Summing up, DataLad’s run-procedure command is a handy tool with useful existing procedures but much flexibility for your own DIY procedure scripts. With the information of the last three sections you should be able to write and understand necessary configurations, but you can also rely on existing, preconfigured templates in the form of procedures, and even write and distribute your own.
Therefore, envision procedures as helper-tools that can minimize technical complexities in a dataset – users can concentrate on the actual task while the dataset is set-up, structured, processed, or configured automatically with the help of a procedure.
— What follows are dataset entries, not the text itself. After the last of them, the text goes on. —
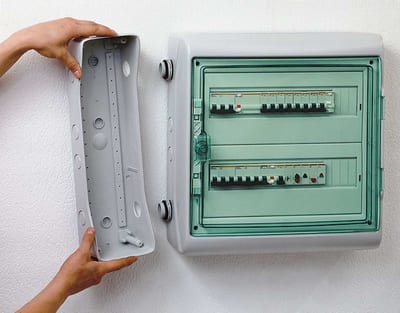 Mureva IP65 extension, 3 openings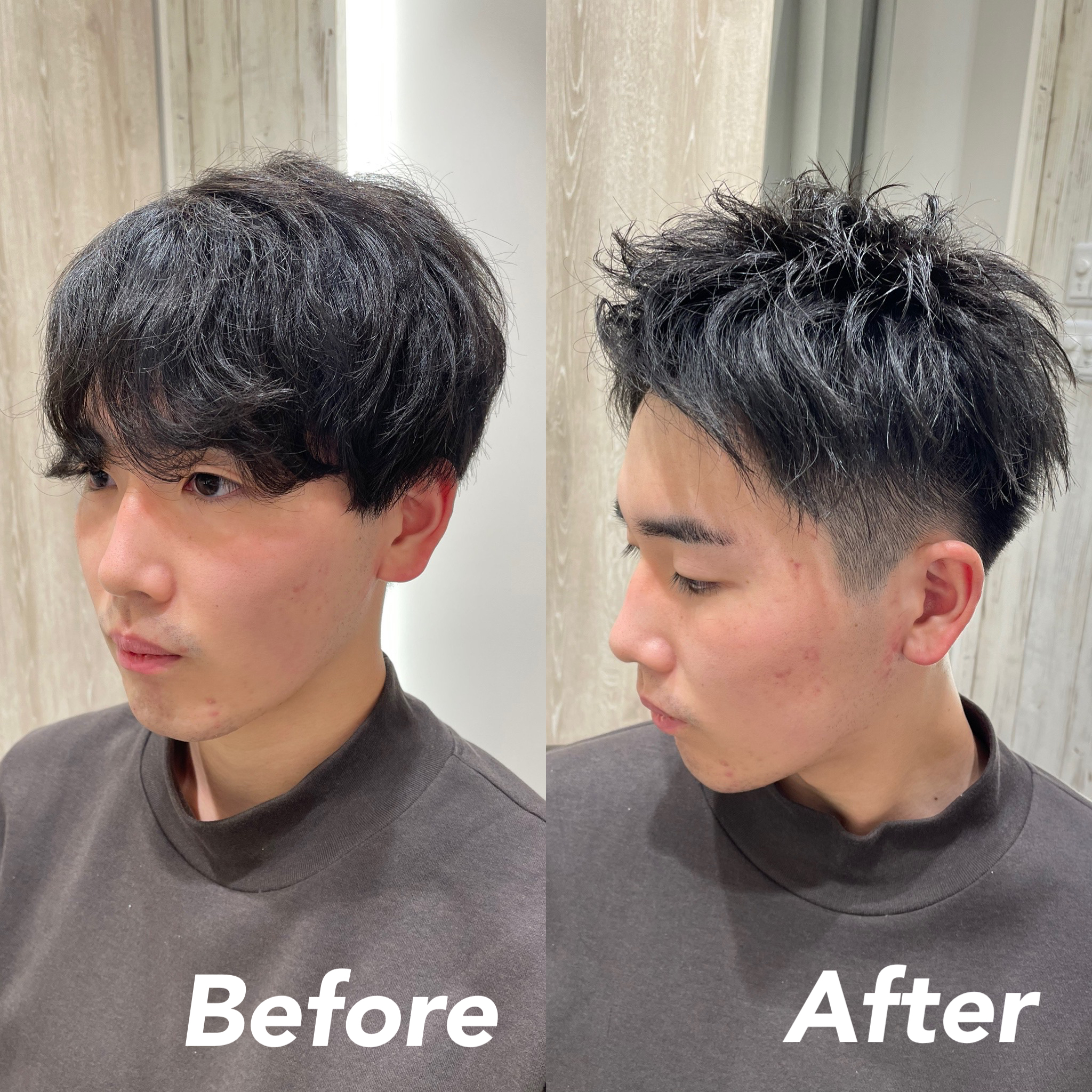 2025 ビジネスパーマビジパLIPPS hair Ray GINZAメンズヘア・髪型ランキングのMENS HAIRSTYLE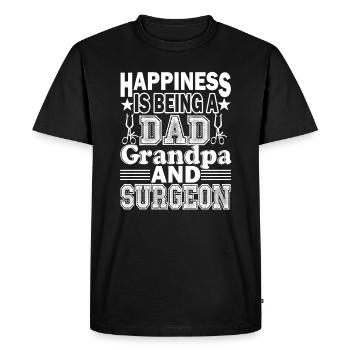 Surgeon Dad Grandpa And Surgeon - Men's Premium Organic T-Shirt - black - Front - Nico (187cm)
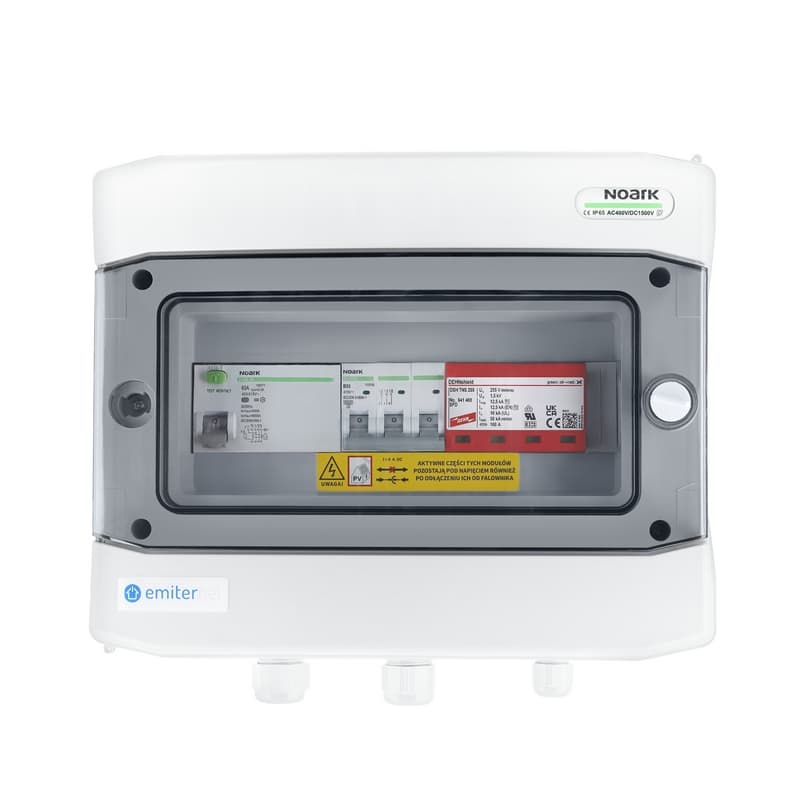 Rozdzielnica AC hermetyczna Emiter EM-316_AC (50 A, 3-fazowa)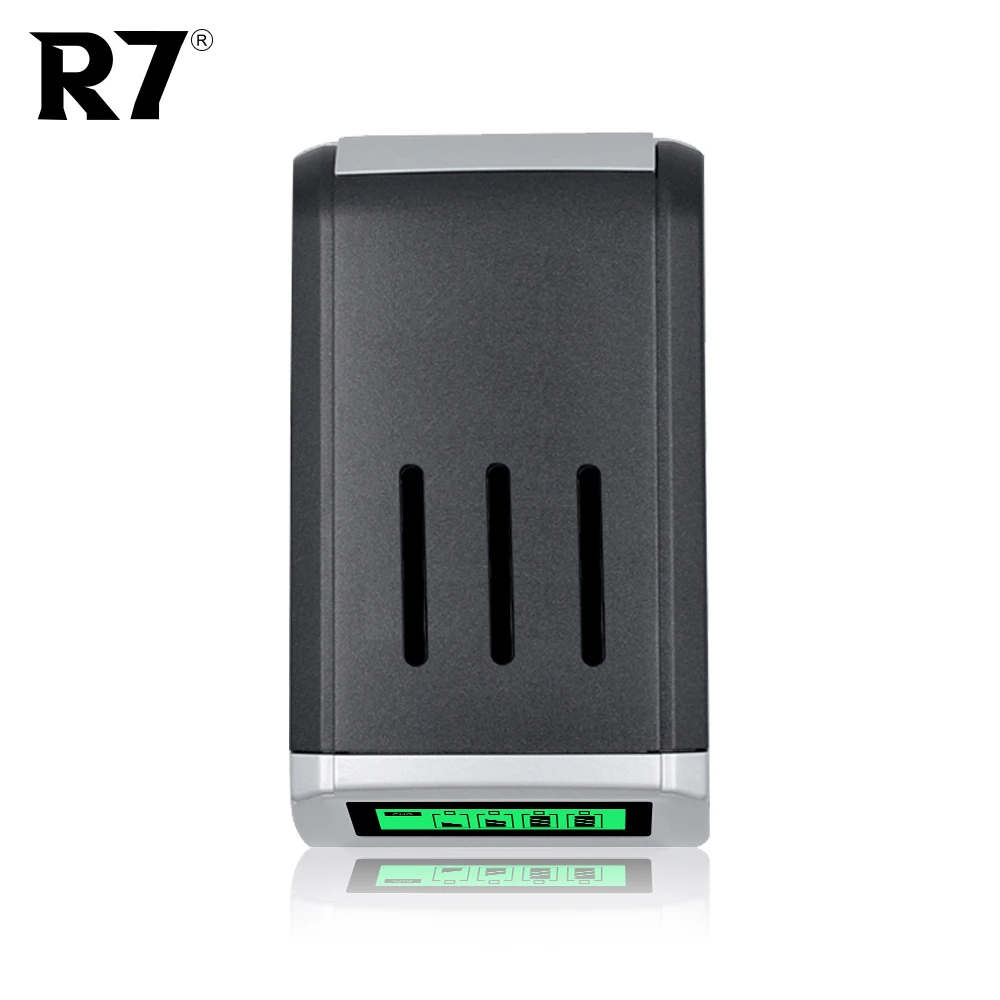 

R7 LCD Display Smart Intelligent Battery Charger with 4-Slot for 1.2V AA/AAA Ni-MH Ni-CD Rechargeable Batteries aa aaa Charger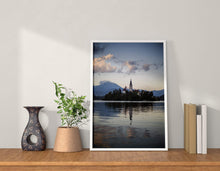 Load image into Gallery viewer, Landscape Photography of Lake Bled | Slovenia Lake Prints - Home Decor Gifts - Sebastien Coell Photography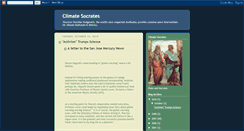 Desktop Screenshot of climatesocrates.blogspot.com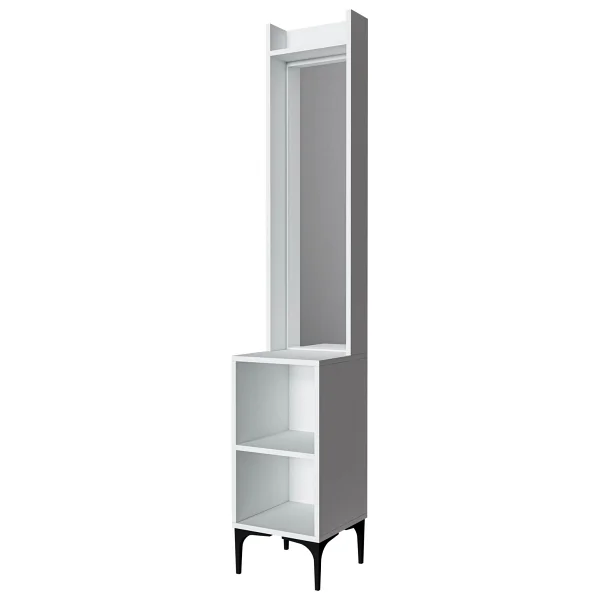 Mezza 5040 Royal 2 Raflı Aynalı Portmanto Modülü Beyaz - Görsel 4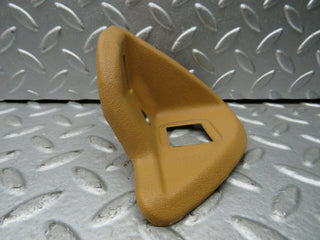 W123 Wagon rear seat latch cover right palomino used OEM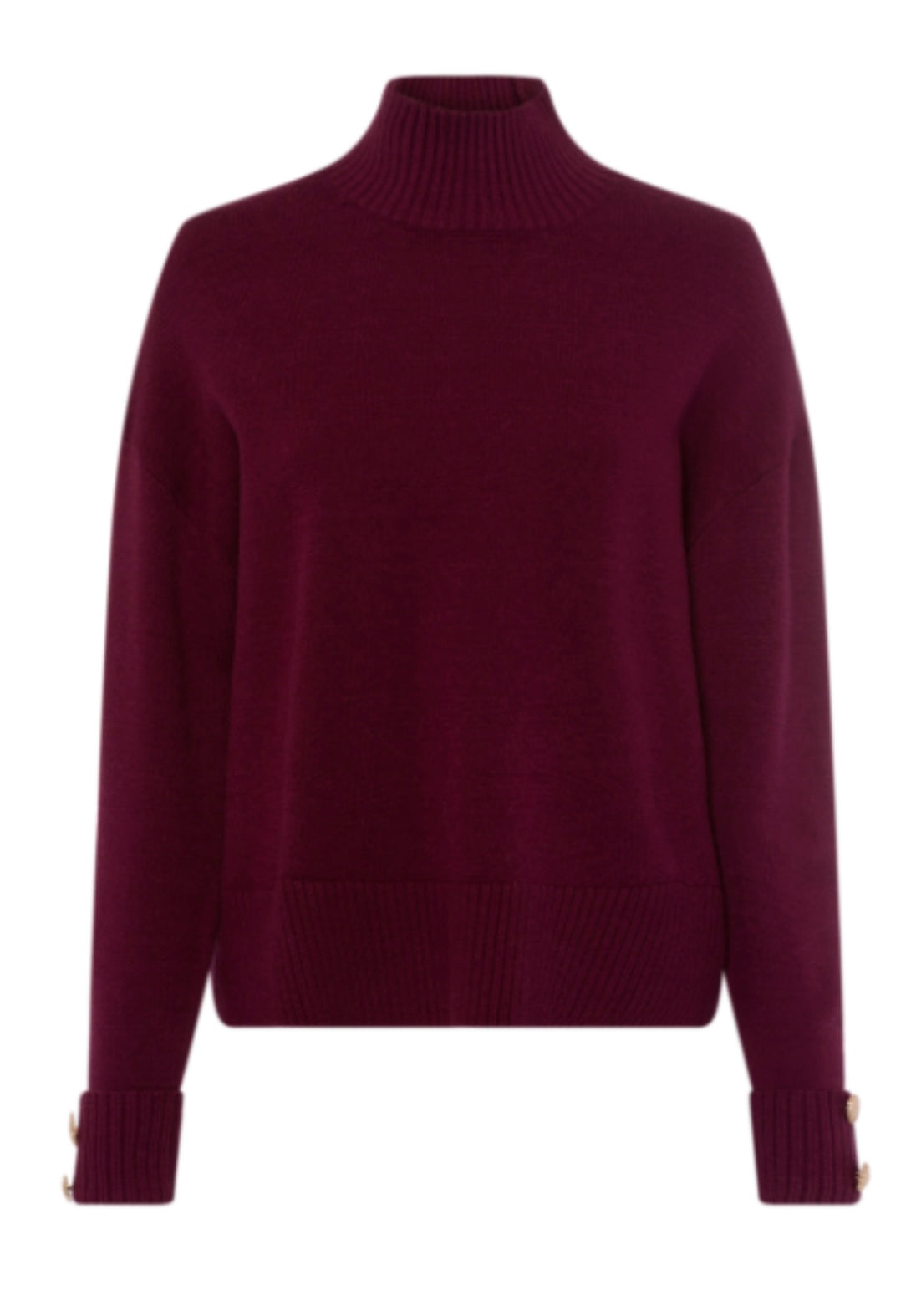 HIGH NECK SWEATER - LIGHT BORDEAUX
Especially in the case of trainees and new users, applying procedures instead of doing relevant routines “by hand” can help to ease working with the dataset, as the use case Student supervision in a research project showcases. Other than by users, procedures can also be triggered to automatically run after any command execution if a command results matches a specific requirement. If you are interested in finding out more about this, read on in section DataLad’s result hooks.
Finally, make a note about running procedures inside of notes.txt
:
$ cat << EOT >> notes.txt
It can be useful to use pre-configured procedures that can apply
configurations, create files or file hierarchies, or perform
arbitrary tasks in datasets. They can be shipped with DataLad,
its extensions, or datasets, and you can even write your own
procedures and distribute them. The "datalad run-procedure"
command is used to apply such a procedure to a dataset. Procedures
shipped with DataLad or its extensions starting with a "cfg" prefix
can also be applied at the creation of a dataset with
"datalad create -c <PROC-NAME> <PATH>" (omitting the "cfg" prefix).
EOT
$ datalad save -m "add note on DataLads procedures"
add(ok): notes.txt (file)
save(ok): . (dataset)
action summary:
add (ok: 1)
save (ok: 1)
Footnotes
- 1
In theory, because procedures can exist on different levels, and because anyone can create (and thus name) their own procedures, there can be name conflicts. The order of precedence in such cases is: user-level, system-level, dataset, DataLad extension, DataLad, i.e., local procedures take precedence over those coming from “outside” via datasets or datalad extensions. If procedures in a higher-level dataset and a subdataset have the same name, the procedure closer to the dataset
run-procedure
is operating on takes precedence.- 2
Note that we simplify the level of procedures that exist within a dataset by calling them local. Even though they apply to a dataset just as local Git configurations, unlike Git’s local configurations in
.git/config
, the procedures and procedure configurations in.datalad/config
are committed and can be shared together with a dataset. The procedure level local therefore does not exactly corresponds to the local scope in the sense that Git uses it.